The funny thing is that not many of our “peers” actually made it to this year’s list, unless that peer group now consists of Jermaine Dupri and Ted Nugent. There are two limp attacks on funk and post-bebop jazz by crit folks writing for Slate and the Guardian. But the bulk of Gross’ worst list is made up of bonehead industry types and equally boneheaded musicians. And that’s gotta be more of a sign that the corporate flunkies are cranking out more awful propaganda than ever as the industry collapses than a sign that the quality of music criticism is on the rise. What’s really disheartening, if that’s the word for it, is the total lack of blog entries in the “Bottom Of The Barrel” category, which probably just proves that most bloggers’ “bad” writing is as forgettable and bland as their recycled PR stuff “good.” (Step up your crappiness game, MoveableType jockeys! You’re getting beaten by the Nuge!)
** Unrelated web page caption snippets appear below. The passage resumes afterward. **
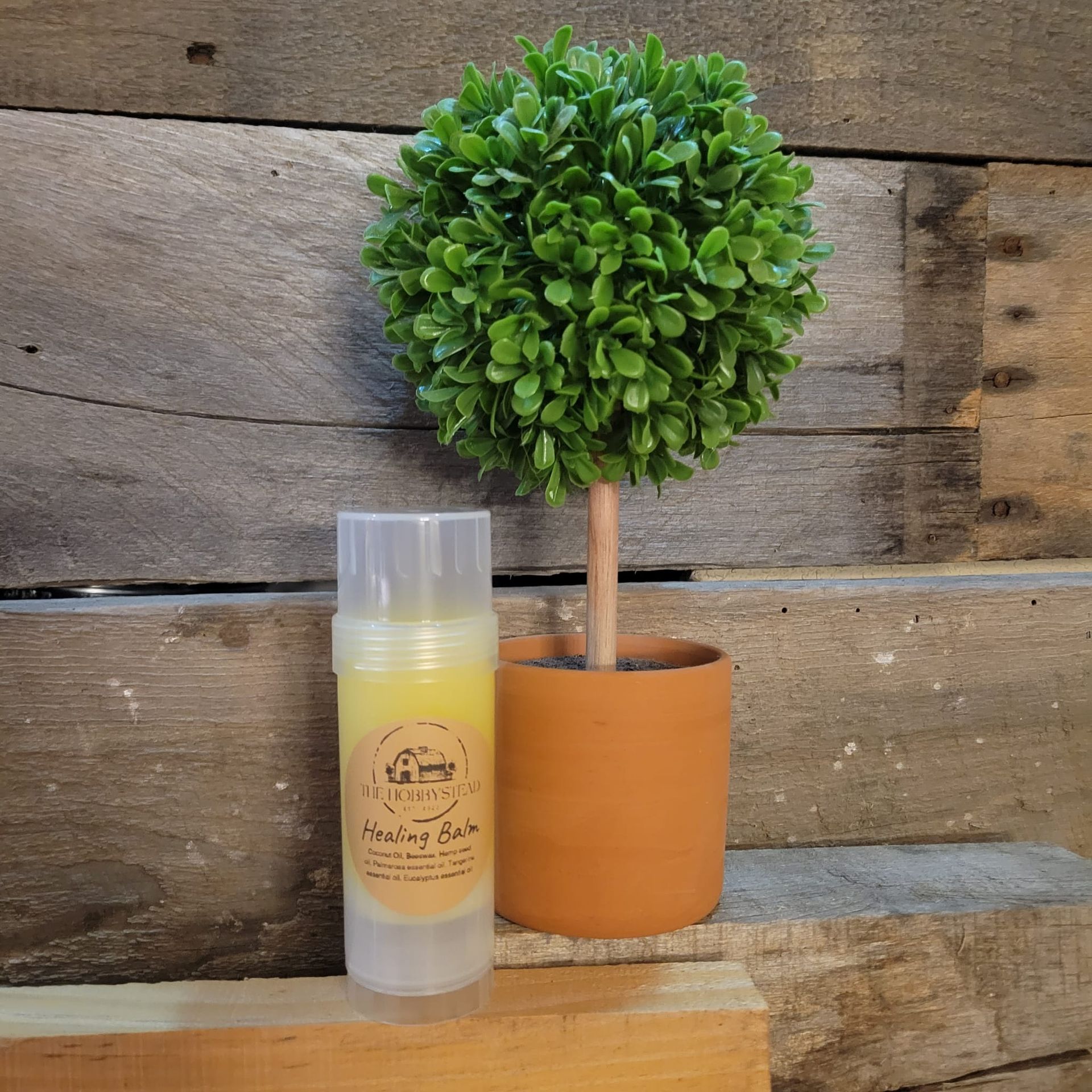 Body Balms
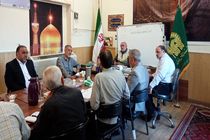 خادمیاران رضوی باید جهاد تبیین را اساس خدمت خود قرار دهند  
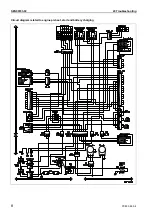 Предварительный просмотр 734 страницы Komatsu Galeo PC800-8 Shop Manual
The top spot (though the entries aren’t ranked) rightly goes to Sasha Frere-Jones’ much-dissected New Yorker essay on indie rock’s de-blackening, but since the fallout from said essay proved that SFJ enjoys bad attention regardless of the effect it has on his writing or rep, I’m not sure if this accolade will necessarily be healthy for him or his productivity. We wouldn’t want to distract him from his hard work profiling all those funky indie rocking white people he’s covered since “A Whiter Shade Of Pale” ran in late October.